Complete step by step answer:
The given equation is $f'(x) = x + \dfrac{1}{x}$. --(i)
Here we are given the first order derivative of the function $f(x)$ . So to obtain the real value of $f(x)$ we just integrate ${f^/}(x)$ and we get the desired solution. Let us integrate both sides of the equation (i), we get
$\int {{f^/}(x)dx = \int {xdx} + \int {\dfrac{1}{x}dx} }$
We use the basic formulas of integration i.e., $\int {xdx} = \dfrac{{{x^2}}}{2}$ and $\int {\dfrac{1}{x}dx} = \log x$ , we get
$\Rightarrow f(x) = \dfrac{{{x^2}}}{2} + \log x + c$ where c is a constant of integration.
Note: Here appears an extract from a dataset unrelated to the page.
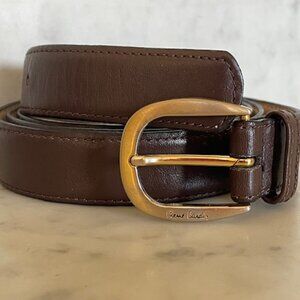 PIERRE CARDIN Vintage Signed Brown Leather Slim Brass Hardware Belt 38/95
So, the correct answer is “Option 2”.

Note:
Note that each of the terms in (i) is a function of x, so we have to multiply dx with them at the time of integration. Again we know $\int {{x^n}dx = \dfrac{{{x^{n + 1}}}}{{n + 1}}}$ which leads to $\int {xdx = \dfrac{{{x^2}}}{2}}$ . Another important fact is that we have to assign a constant c at the end of the integration as it is an indefinite integration. We try to remember the formula $\int {\dfrac{1}{x}dx = \log x}$ , where $\log x$ is called the logarithm function. When we use indefinite integral, we also write the constant after getting integration. If we omit the constant part then we get an error.